I waited as the steam built up again (or whatever), everything hissing and vibrating. The door began to slide closed. It was amazing to consider that after all I’d gone through, I was now only a short elevator ride from my destination. If I had been a regular angel I would have felt confirmed that God really was watching over me after all, and was going to reward me for all my years of good behavior. Of course, if I had been a regular angel I would already have banked a few years of good behavior just in case. Sadly, though, that is one of the many accounts with my name on it that’s come up a bit short.
But just before the door finished closing, something dark poked through and stopped it. The appendage gripping the door looked less like a hand and more like something you might find buried in a cat’s litter box. The force of the door being restrained seemed to make the whole lifter strain, as if it was determined to break the deadlock or destroy itself trying. The mechanism whined, the shuddering increased. Then the door slid back open.
The thing that stepped in was a bulky man-shape made entirely of mud. It was nak
ed and nearly without features except for a popped bubble of a mouth and a blob of wet clay that I guessed was a nose, mostly because it was somewhere near the two glowing yellow smears it wore for eyes. If I tell you those eyes looked like some kind of irradiated slugs emerging from a seabed, you’ll maybe begin to grasp how much I didn’t like looking at them. But it wasn’t just the eyes. I could feel this new thing, feel its age and its inhumanity. I don’t know what it was, but it was no ordinary demon.
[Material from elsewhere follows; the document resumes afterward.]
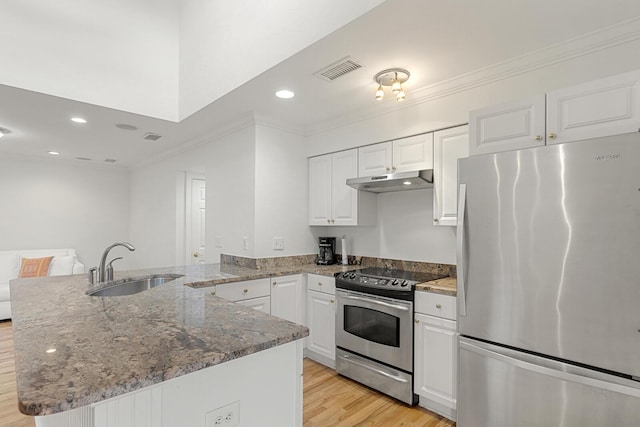 kitchen with recessed lighting, crown molding, a sink, and stone counters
The passenger-blob stopped inside the door, and its weight actually made the massive car tilt. The shapeless face swiveled toward me for a moment but then slowly kept turning, examining the entire empty lifter, as though I was so insignificant that before it acknowledged me it had to establish what someone not being there looked like. Being alone in a confined space with the thing made me feel trapped and queasy. This was no mere infernal salaryman. This was something old and powerful.
The door closed. The thing stretched its flat, muddy paw to the wall. When it spoke its destination, I was so disturbed by the squelchy, inhuman voice that I only registered some moments later that it had said, “Tartarus Station.”
Something was seriously wrong. I knew a bit of Hell’s geography, both from Lameh and my travels, and I was pretty fucking sure that the direction to Tartarus Station wasn’t up, where I was going, but down. Way down.
Then the hissing and the trembling crested and the lifter started to drop. I stared in dismay. The mud thing looked back at me, as disinterested as a statue.
“We’re . . . going down,” I said finally.